I need the money. You have the money. All you gotta do is give me the money. Is that too much to ask?
Why should you ask me questions? “What are you gonna do with the money?” You are not my father. My father is dead.
I will do with the money whatever I very well damn please. Who are you to ask me questions like that? You make-a-me mad, man.
I am the American public. I am not accountable to anyone…
Accountability? What the heck is that? Don’t you know what Napoleon said once about the word or more like the concept “impossible”?
Well! Accountability is not in my dictionary or better yet, it’s not in my vocabulary. Don’t you ever try to talk to me about that. I don’t even wanna say it. I don’t wanna think about it. That’s not in my person.
I am not asking you for a trillion dollar. Can’t you get that into your thick head, the thickest of them all – even though that won’t be such a bad idea either.
Let me think about that later. But right now, it’s only a measly billion I am asking for. It’s just a million spelled with a b, that’s all. Gee! So picky. Wow!
Why should you talk about accountability? Who the heck are you? I need the money, not you.
You have the Treasury. You own the currency mint factory. I don’t. Print out some money, what the heck? Is that too much to ask? Gee! I am trying to help you. I am doing you a favor.
I have a finger on the layoff button. Don’t make me do what I really want to do. I have always wanted to push that button.
American public…
You think I am gonna sit here all day long begging you for money. Well you are wrong, mister. I would declare bankruptcy if you didn’t give me my money.
The Treasury… The Feds…
No, no. Please. Don’t do that. I give you the money. And I don’t have to print the extra money either. I am the Treasury.

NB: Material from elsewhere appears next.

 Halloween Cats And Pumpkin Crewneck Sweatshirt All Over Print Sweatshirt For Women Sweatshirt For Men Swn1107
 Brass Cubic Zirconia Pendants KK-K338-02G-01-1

I have heard printing more paper money creates inflation. Hey! I am the Treasury. I am the Feds. You know what that means. That means I know a little about the economy. Maybe not much but still enough to make laws of the money land.
I know about inflation and recession and depression, and Monday, Wednesday, Sunday, Saturday. Maybe not much, but enough to get by, at least till the next election.
I got passing grades in high school. I am now considered the expert on the economy. At least I like to think so.
And you know what? I don’t have to print the money. I will get you the money no matter what.
The Chinese and the Russians and the Arabs and … have lots of it. I am gonna make them an offer they can’t refuse.
Moral of the story
There is no moral of the story. I am sick and tired. I am the American Public. I just wanna stretch my legs and take a nap and as usual think about nothing which has become my second nature.
Thinking about nothing is my basic right. That ought to be in the constitution. Think about nothing. It’s a show about nothing anyway.
What do you think?
Or perhaps you are like me. You think about nothing, neither or is it either? What the heck and what the heck to everything. I watch the news everyday. I am damned if I do and I am damned if I don’t. There is no escape, is there?
I am always the third in the equation. I am the American Public. Don’t you forget that? And don’t always blame me for all the problems of the American economy.